Все это мне вспомнилось по контрасту с повестью А. П. Я. У автора есть будущее в каком-то заметно большом удалении от нашего времени, пятисотэтажные дома, ветробусы и даже разум ученого, свободно витающий с научными целями — дабы познавать тайны жизни, воплощаясь в живые существа.
Фантастика? Да. Но все мной перечисленные и другие атрибуты фантастики суть лишь способы, приемы. Не в них дело. Они нужны автору так же, как режиссеру театральный реквизит, которым пользуются, чтобы зритель увидел суть, сущность.
Пересказ содержания художественной вещи скучен, неблагодарен. Повесть А. Я. — о любви мужчины и женщины. О разнице между одним и другой. Где-то Честертон говорит, что мужчина должен глядеть из окна дома наружу, женщина же — глядеть в дом, то есть мужчина уходит, приходит, а женщина остается дома. Нечто подобное есть и у А. Я., но, конечно, без ливня честертоновских парадоксов. Ведь на самом деле есть разница между «он» и «она», и должна быть, пока «род человеческий не прекратится».

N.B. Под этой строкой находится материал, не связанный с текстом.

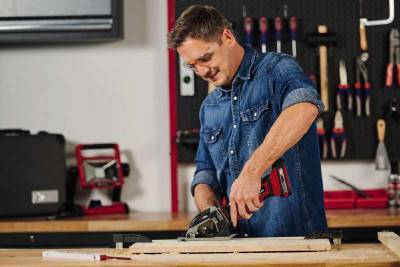 Будкрам купить Аккумуляторная мини-циркулярная пила (роторайзер) Einhell TE-CS 18/89 Li Solo Аккумуляторная мини-циркулярная пила (роторайзер) Einhell TE-CS 18/89 Li Solo 8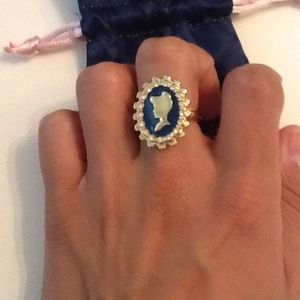 SOLD**Disney Couture Cinderella ring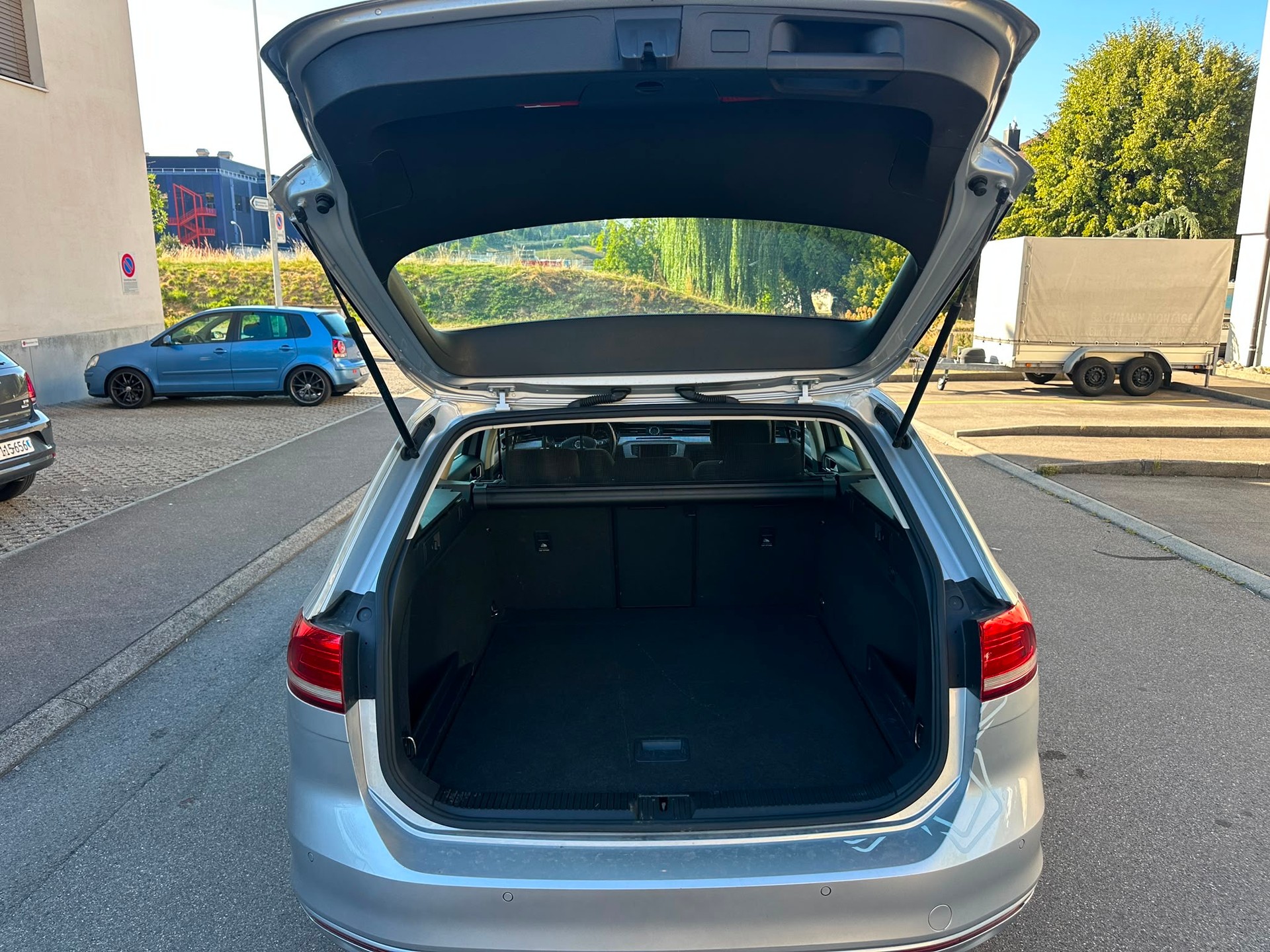 VW Passat Variant 2.0 TDI BMT Trendline DSG-image-13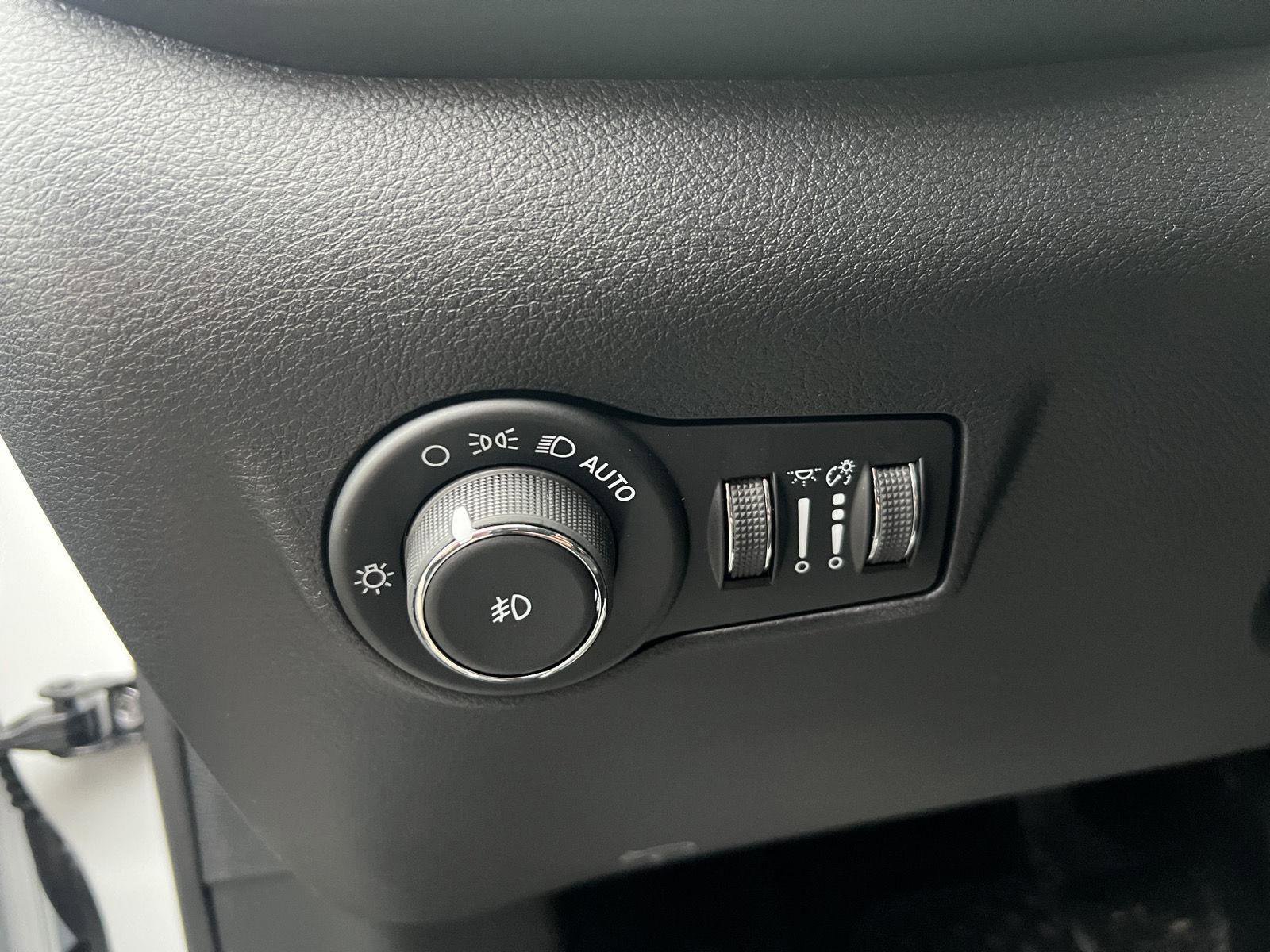 New 2026 Jeep Compass Trailhawk image 16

«Мужчина рубит, корчует, разрезает землю и бросает семя. Женщина собирает жатву, сохраняет семена и образует». Это не из Честертона и А. Я., а из старинных речений.
Древний конфликт, о котором каждое поколение поет своим новым голосом, служит содержанием повести. Естественно-хороша дымка печали, ощущаемая в тексте.
Повесть можно было бы назвать изящной, хотя это слово сейчас звучит не веско. Язык смел, приемы слова интересны.
Кое-что мне лично не совсем нравится. Я подчеркнул слово, чтобы указать на мое собственное ощущение. Автор пользуется манерой речи современных молодых ученых, и навязываться ему я не хотел бы. К тому же эта манера дает свой стиль.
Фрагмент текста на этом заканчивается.